Staying connected to stay safe
Toxic and controlling romantic relationships often include isolating the person from their friends and family. Staying connected to family, friends, your community and your workplace are all important ways to protect yourself, avoid isolation, make new friends and maintain a healthy wellbeing.
Connections come in all shapes and forms; from your neighbours, at your shops, in your faith community, and from volunteering and paid or community work.
Children can also create community and connections. For example, playgroups are a great way to informally meet other parents and help your child's social development.
There are lots of things to get involved with at your child’s school, including:
Listening to reading
You can also consider taking up a volunteer role in local kids sport as an organiser or canteen helper.

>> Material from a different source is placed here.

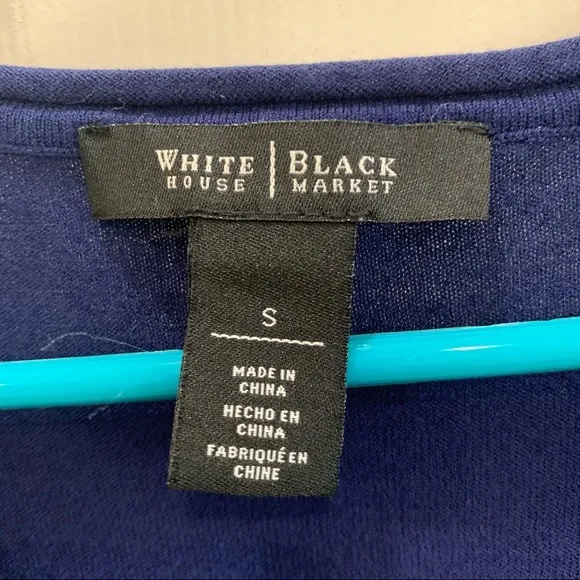 White House Black‎ Market blue long sleeve top SM - Image 2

If you are not working now but want to get back into the workforce, study and volunteering can provide similar benefits to work while also building valuable skills and contacts that can lead to paid employment.
Remember that volunteering opportunities can be easier to access than you think. For example, local community organisations like Meals on Wheels, your local community centre and Aged Care centres are often looking for volunteers to help run social activities.
If you want to know more, get in touch with Volunteering Queensland or search for your local community centres and say hello!
Another option is offering your assistance in local community events. If you’re interested in this, do an online search for community events in your area and get in touch with them.
If you are working, then your work can become a safe place outside of the home. Your workplace may also have policies to support you if you are experiencing domestic and family violence such as paid leave and access to phones, photocopiers and computers.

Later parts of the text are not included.